Tiempo de Morir (Time to Die) is a 1966 Mexican Western film directed by Arturo Ripstein and starring Marga López and Jorge Martínez de Hoyos. Screenplay was written by Nobel Prize winner Gabriel García Marquez and novelist Carlos Fuentes, their first realized film.



Juan Sayago returns to his hometown after spending 18 years in prison for killing a man, Trueb, in cold blood. When Trueb's son, Julian, hears Sayago has returned to town he demands that Sayago face him in a duel to avenge his father's death. However Julian's brother, Pedro begins to doubt Sayago is an honorless killer after meeting Sayago and spending time with him. Then Pedro hears from his fiancé's father that in realty Trueb had provoked Sayago till he was forced to kill him to preserve his honor as a man. Pedro tells Julián but he is unswayed by these stories and beats Pedro for even suggesting their father was anything less than perfect. Julian continues harassing Sayago by following him around and destroying what's left of his house until finally Sayago is forced to once again face Julian as he did his father to preserve his honor. Sayago kills Julian, and in return, Pedro is forced to kill Sayago.



On review aggregator Rotten Tomatoes, the film has an approval rating of 100% based on 6 reviews, with an average rating of 8/10. [1] John DeFore on The Hollywood Reporter called the film "a gem of a vintage Mexican Western that feels its moral quandaries deeply". [2] Robert Abele from Los Angeles Times wrote: "Shot in a crisp black-and-white that treasures bleak long shots as much as thrillingly nervous camera movement, "Time to Die" turns the showdown narrative of so many oaters into an actively intelligent, darkly funny and no less suspenseful rumination on the pull of the horizon versus the ill wind at the back." [3] Ben Sachs from Chicago Reader stated: "This was the first feature directed by Arturo Ripstein (Deep Crimson), and already he demonstrates a refined aesthetic sensibility in his use of curvilinear camera movements to chart the development of interpersonal relationships." [4] Alan Scherstuhl from The Village Voice wrote: "Spare and heartsick, Arturo Ripstein’s 1966 cycles-of-violence western parable Time to Die finds nothing romantic in showdowns and shootouts.
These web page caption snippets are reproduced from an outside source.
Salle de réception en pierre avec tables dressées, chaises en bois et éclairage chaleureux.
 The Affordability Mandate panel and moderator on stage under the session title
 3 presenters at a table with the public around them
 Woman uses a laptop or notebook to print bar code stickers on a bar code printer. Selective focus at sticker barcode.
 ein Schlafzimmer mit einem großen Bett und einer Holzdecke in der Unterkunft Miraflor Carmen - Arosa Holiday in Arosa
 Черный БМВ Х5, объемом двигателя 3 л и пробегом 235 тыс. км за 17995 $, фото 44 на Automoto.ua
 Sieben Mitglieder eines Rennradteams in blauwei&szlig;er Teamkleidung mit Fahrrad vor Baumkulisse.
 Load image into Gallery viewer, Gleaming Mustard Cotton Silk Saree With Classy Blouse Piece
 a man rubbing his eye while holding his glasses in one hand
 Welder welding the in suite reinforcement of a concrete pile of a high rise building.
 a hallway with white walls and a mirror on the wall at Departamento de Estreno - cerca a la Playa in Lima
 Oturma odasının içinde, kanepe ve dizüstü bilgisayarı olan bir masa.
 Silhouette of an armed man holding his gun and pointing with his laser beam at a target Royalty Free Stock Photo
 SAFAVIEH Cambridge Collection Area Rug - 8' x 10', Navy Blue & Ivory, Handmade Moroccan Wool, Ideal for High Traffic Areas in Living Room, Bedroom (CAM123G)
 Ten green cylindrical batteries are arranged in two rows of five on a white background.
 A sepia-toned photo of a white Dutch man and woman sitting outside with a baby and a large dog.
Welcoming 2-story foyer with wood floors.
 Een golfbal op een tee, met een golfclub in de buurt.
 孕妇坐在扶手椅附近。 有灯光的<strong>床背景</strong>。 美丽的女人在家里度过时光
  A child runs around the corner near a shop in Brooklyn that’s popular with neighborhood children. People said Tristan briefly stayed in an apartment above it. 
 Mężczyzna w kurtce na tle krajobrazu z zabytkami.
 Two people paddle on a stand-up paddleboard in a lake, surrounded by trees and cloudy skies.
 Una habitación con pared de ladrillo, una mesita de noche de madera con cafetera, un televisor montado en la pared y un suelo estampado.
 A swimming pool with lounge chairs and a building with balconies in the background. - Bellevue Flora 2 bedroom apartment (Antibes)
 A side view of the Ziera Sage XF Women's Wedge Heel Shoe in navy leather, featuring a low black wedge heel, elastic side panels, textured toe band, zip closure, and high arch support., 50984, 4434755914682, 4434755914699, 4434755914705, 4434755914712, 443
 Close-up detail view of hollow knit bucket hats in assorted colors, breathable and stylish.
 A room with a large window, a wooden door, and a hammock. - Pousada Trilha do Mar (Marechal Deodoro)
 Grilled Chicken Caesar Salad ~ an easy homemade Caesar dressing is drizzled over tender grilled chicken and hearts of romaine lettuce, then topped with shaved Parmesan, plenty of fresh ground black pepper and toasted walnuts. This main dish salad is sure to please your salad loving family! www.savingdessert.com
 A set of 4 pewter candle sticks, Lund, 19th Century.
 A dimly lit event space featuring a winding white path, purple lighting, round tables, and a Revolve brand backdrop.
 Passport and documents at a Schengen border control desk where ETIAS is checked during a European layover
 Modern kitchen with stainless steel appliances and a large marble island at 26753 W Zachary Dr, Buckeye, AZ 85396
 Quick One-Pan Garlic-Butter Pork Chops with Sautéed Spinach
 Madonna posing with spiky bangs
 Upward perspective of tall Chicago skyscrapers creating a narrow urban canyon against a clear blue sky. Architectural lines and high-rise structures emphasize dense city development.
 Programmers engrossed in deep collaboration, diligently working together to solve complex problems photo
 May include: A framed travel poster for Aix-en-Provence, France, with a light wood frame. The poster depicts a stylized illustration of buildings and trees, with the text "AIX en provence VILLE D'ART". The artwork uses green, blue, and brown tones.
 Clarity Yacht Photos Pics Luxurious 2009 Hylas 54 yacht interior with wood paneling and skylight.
It’s a swift slow burn of a film, the story of a man who once got pushed too far with terrible results now getting pushed too far again, with results that are, as the title suggests, sure to be worse. The screenplay may come from novelists — it’s credited to no less than Gabriel Garcia Marquez and Carlos Fuentes — but don’t look to it for novelistic expansiveness. Ripstein’s debut is pared down, whetted to a cutting sharpness." [5]

In 1967, won a "Best Film (Mejor Película)" award given by the "Mexican Cinema Journalists". [6]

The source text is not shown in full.